Supplied data.
________
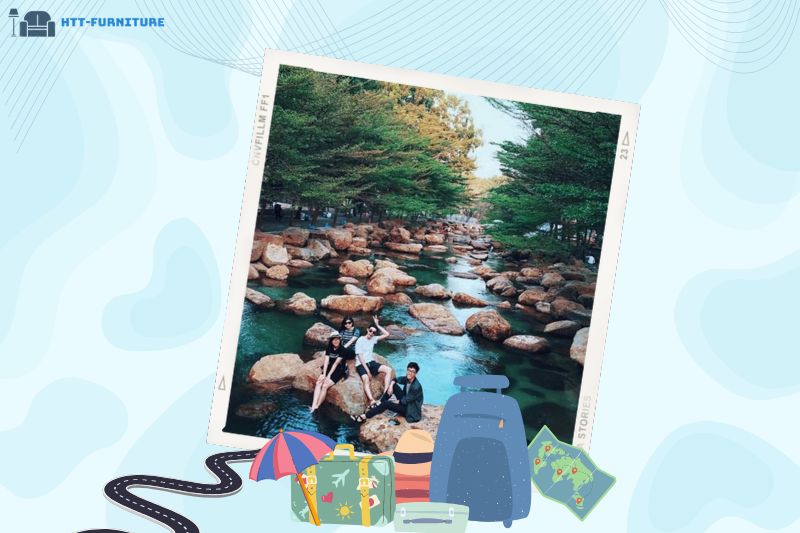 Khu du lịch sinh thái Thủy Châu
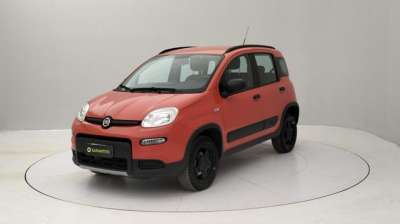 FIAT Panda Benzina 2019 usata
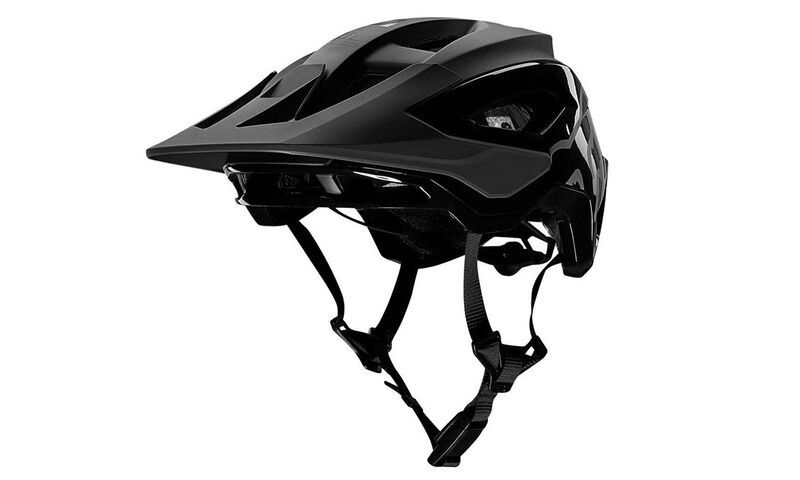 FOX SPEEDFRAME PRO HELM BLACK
________
Problem. Retype all of the listing above exactly, but keep its pictures out.

Solution to this problem.
 Khu du lịch sinh thái Thủy Châu
 FIAT Panda Benzina 2019 usata
 FOX SPEEDFRAME PRO HELM BLACK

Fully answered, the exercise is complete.